## TASK INSTRUCTIONS
Set down all of the records below exactly, please, omitting the images.

## DATA SHOWN
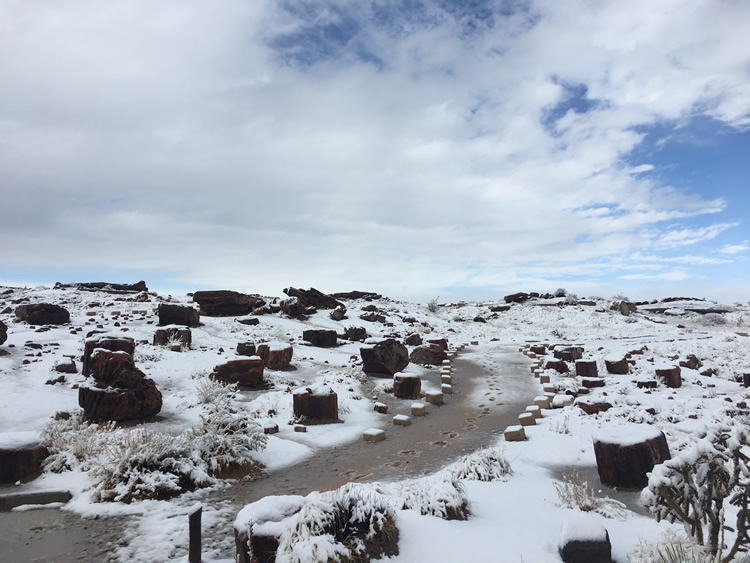 Petrified Forest National Park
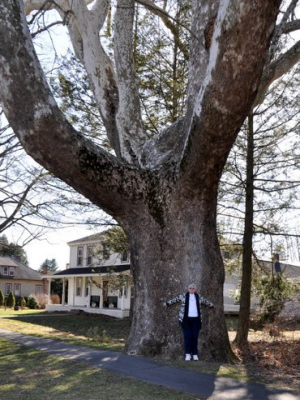 F. Earl Williams was born in the farm immediately behind this tree.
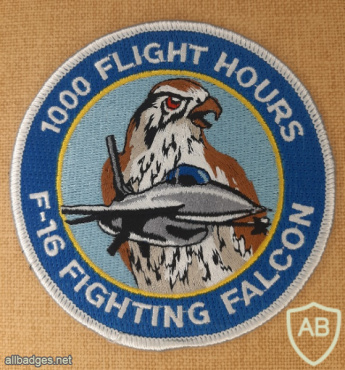 Generic patch F-16 1000 flight hours img71114
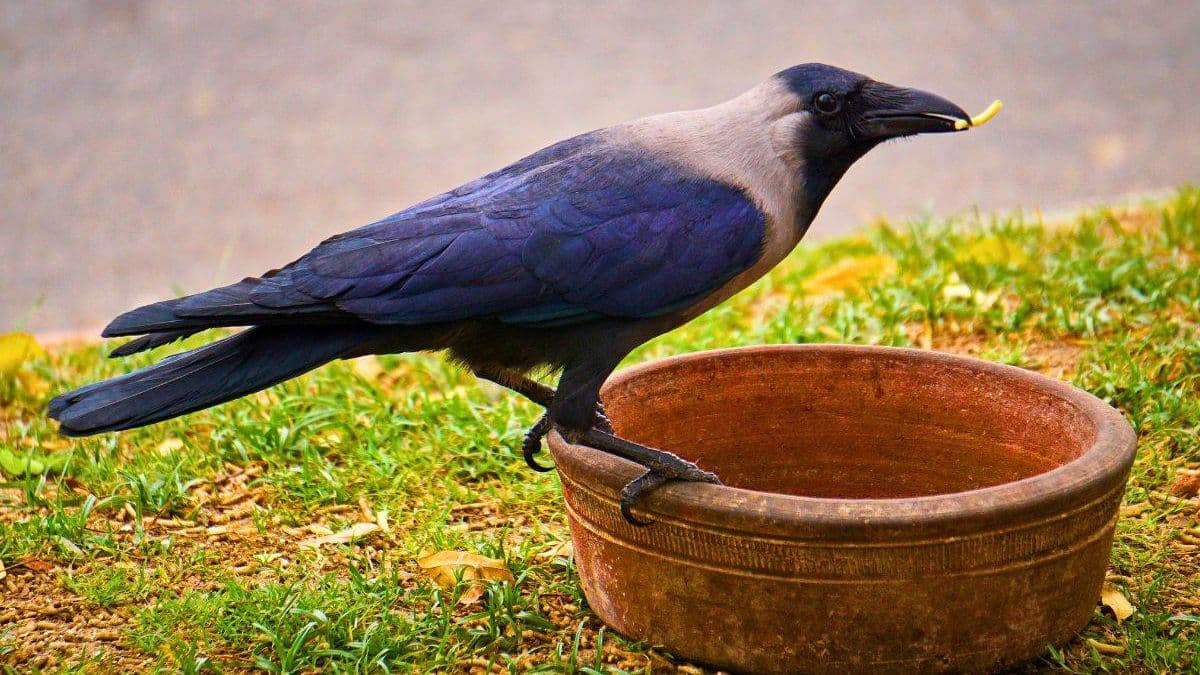 Crows Will Visit Your Garden If You Feed Them One Simple Food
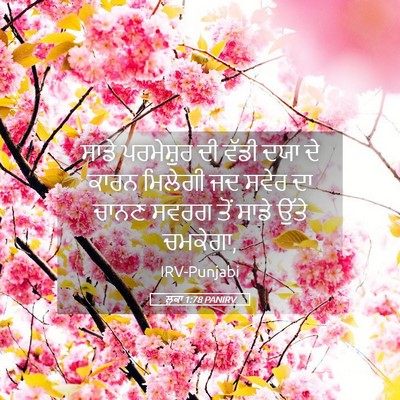 Picture 05 - ਲੂਕਾ 1:78 PANIRV - ਸਾਡੇ ਪਰਮੇਸ਼ੁਰ ਦੀ - Bible Verse Picture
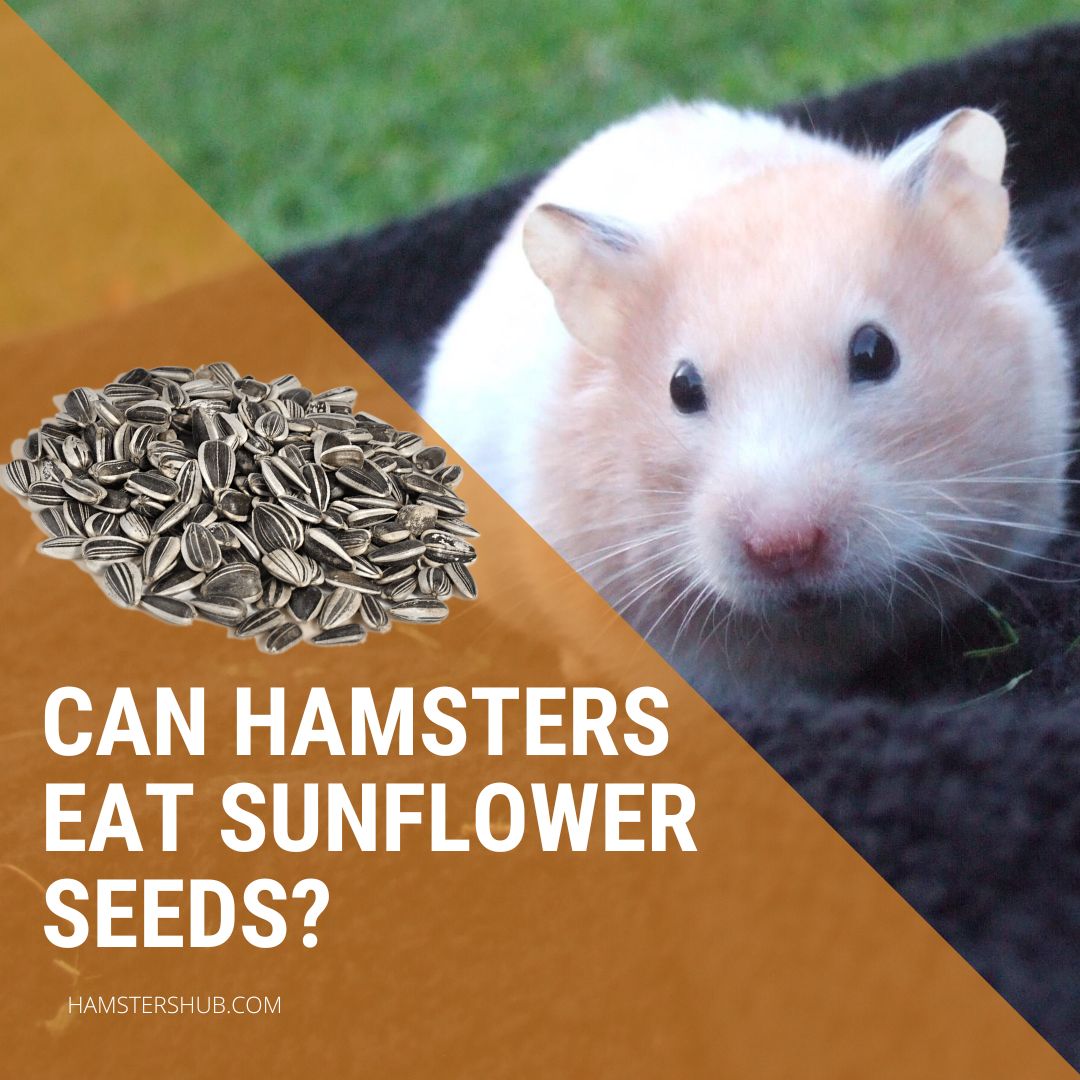 Can Hamsters Eat Sunflower Seeds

## RESULT BELOW
 Petrified Forest National Park
 F. Earl Williams was born in the farm immediately behind this tree.
 Generic patch F-16 1000 flight hours img71114
 Crows Will Visit Your Garden If You Feed Them One Simple Food
 Picture 05 - ਲੂਕਾ 1:78 PANIRV - ਸਾਡੇ ਪਰਮੇਸ਼ੁਰ ਦੀ - Bible Verse Picture
 Can Hamsters Eat Sunflower Seeds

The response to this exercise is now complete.